It was half-past three one hot August afternoon when I surfaced from the Chawri Bazar metro station in Old Delhi to join the “Street foods of Delhi” walk. Kanika Singh and her husband-to-be Awadhesh Tripathi would lead the group.

Chawri Bazar is a bustling place. All of old Delhi is. It’s a good idea to walk on the footpath, whenever you can — providing there is one — so as not to impede the motorists, scooterists, cyclists, tongawallahs or rickshawallahs.

Eye for beauty

Our first stop was a delight. Down a lane and through heavy wooden doors then up a steep flight of stairs is the 18th-century masjid of the Nawab of Rukn ud-Daula. Lord knows who he was, but he did have an eye for beauty. We stepped out onto a small terrace with intricate floral stone carvings, latticework and arches. Nuruddin, the elderly imam, was the only inhabitant that afternoon.

At street level once again, it was a one-minute walk to another hidden find called Jain Coffee House in Raghu Ganj where they have been serving fruit sandwiches to the locals for ages before their hideout was busted and made them famous: Two slices of white bread, a layer of cottage cheese and jam, and sliced fruit of your choice.

Our next stop was the Jama Masjid. It was the holy month of Ramzan and the day-long fast would be coming to an end. The courtyard outside the masjid was packed with families waiting for iftar to begin. Children were their irrepressible selves.

Main course

Having whetted our appetites, we headed towards the main course of the evening, chicken and fish fry at Haji Mohd. Hussain’s roadside establishment is a three-minute walk from the Jama Masjid. Overlooked by the Michelin pundits, Mr Hussain nevertheless does roaring business. I have no idea what the vegetarians ate.

Over the following months, I signed up with Kanika & Co. for the remainder of their schedule. New Delhi is home to over 20 million people. Some of the public transport is so crowded there is a 10% chance of one bumping into a long-lost relative. Just kidding. It is a 20% chance…. But seriously, in Delhi’s urban sprawl it is still easy to come across traces of one’s past.

Of the 3,650 ancient monuments and archaeological sites listed across the country by the Archaeological Survey of India no fewer than 174 are in Delhi itself. And these do not take into account other innumerable unlisted structures — small tombs, dargahs and graves — scattered around the city.

Tale of seven cities

Sometime in the 11th century, a chap by the name of Qutubuddin Aibak built the second city of Delhi (it has seven) and named it Mehrauli.
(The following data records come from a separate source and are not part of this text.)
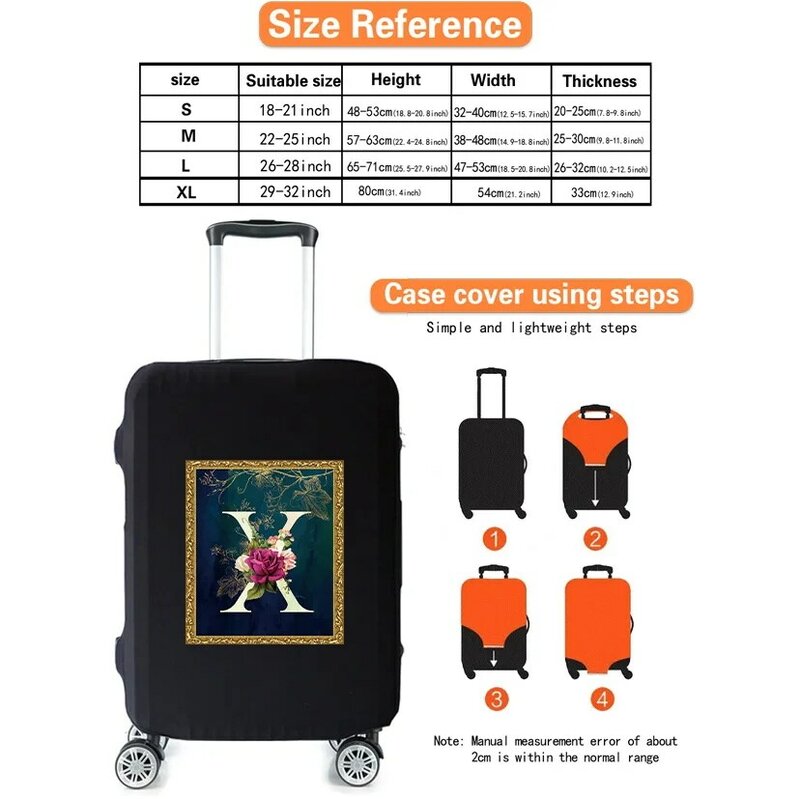 18-32 pollici capacità viaggio Essentials borsa accessori da viaggio Trolley custodia protettiva fiore lettera serie modello stampato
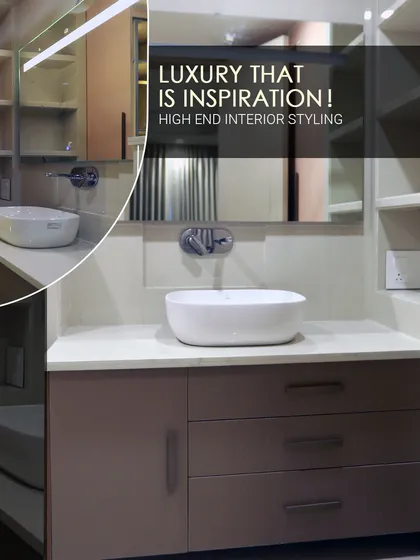 A closer look at the kid's bathroom vanity, featuring a sleek countertop sink and ample drawer storage. It’s an example of high-end interior styling that is also practical for family life.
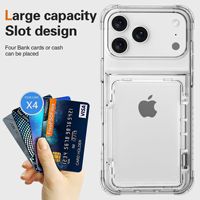 Étui portefeuille rigide en PC pour iPhone 18 Pro Max, coque arrière pour iPhone 18 Pro 17 16 15 14 13 avec porte-cartes LN099
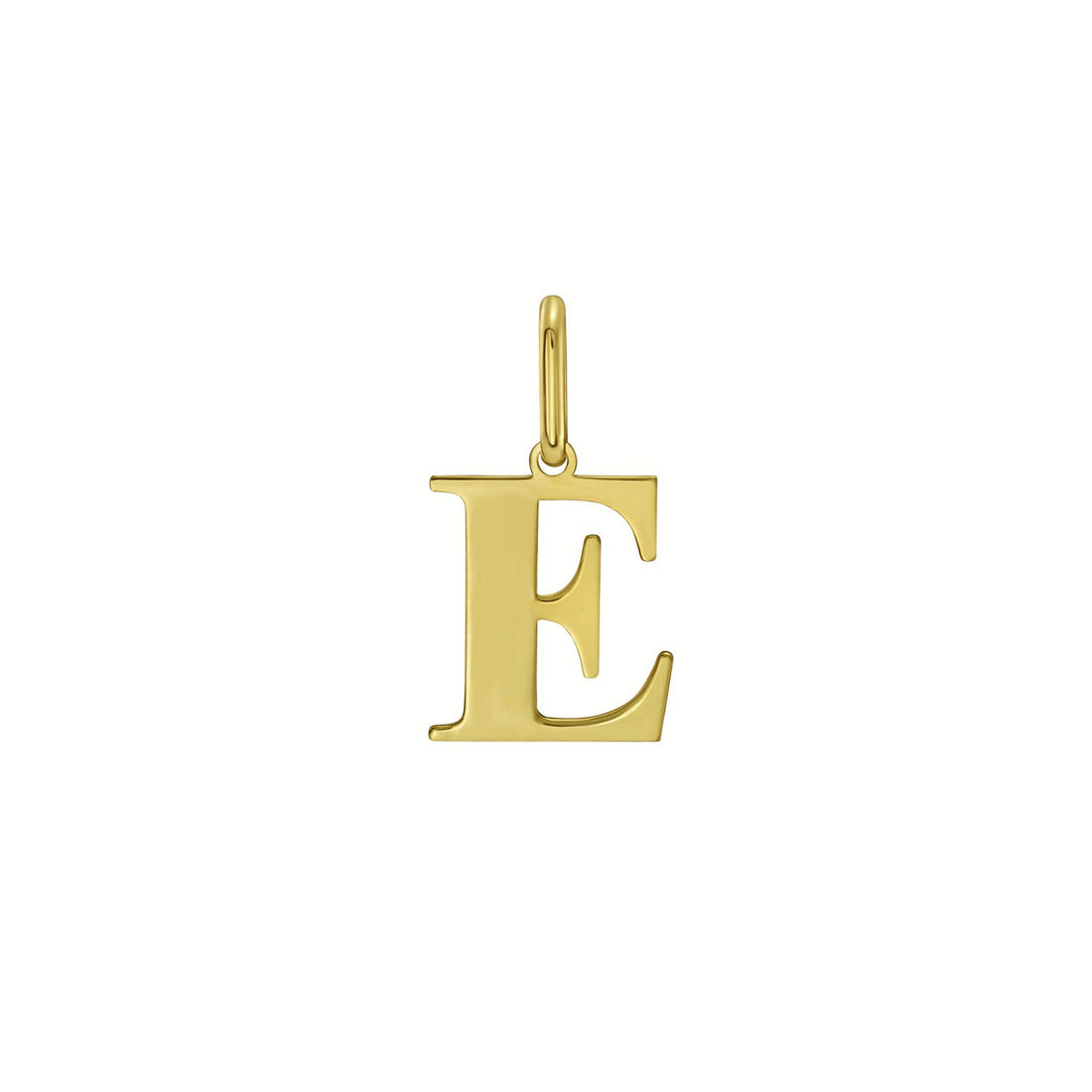 14K Yellow Gold Initial E Charm Pendant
Today it is a densely populated neighbourhood in the southern part of the metropolis. The Qutab Minar, the dargah of the 13th- century Sufi saint Bakhtiyar Kaki, the mosque of a 16th-century poet Jamali Kamali, the Jahaz Mahal, the tomb of Adham Khan, son of Akbar’s wet nurse, and Balban’s tomb are all located here. It is also the venue of an annual procession of flower sellers the Phoolwalon ki Sair.
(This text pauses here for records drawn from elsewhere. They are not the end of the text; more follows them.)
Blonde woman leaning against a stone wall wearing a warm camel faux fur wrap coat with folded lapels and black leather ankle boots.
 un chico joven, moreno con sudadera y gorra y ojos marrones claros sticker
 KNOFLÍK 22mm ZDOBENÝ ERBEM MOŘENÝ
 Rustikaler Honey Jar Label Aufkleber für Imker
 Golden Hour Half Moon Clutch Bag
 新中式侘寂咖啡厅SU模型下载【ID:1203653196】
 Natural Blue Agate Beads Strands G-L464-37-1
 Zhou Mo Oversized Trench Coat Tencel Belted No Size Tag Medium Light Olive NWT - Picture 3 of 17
Early morning in Chandni Chowk

Later that same August I joined a walk in Chandni Chowk, Old Delhi. I had been on the street-food walk which had started in the afternoon in the same area. Usually, during the day, Old Delhi’s narrow streets teem with people and vehicular traffic of all kinds. It is the business heart of Delhi. Wholesale and retail markets that trade in hardware, books, silver jewellery, electrical goods and electronic items, clothes and spices are to be found here. Early in the morning, though, it is a very different place. You can see the sidewalk, for starters.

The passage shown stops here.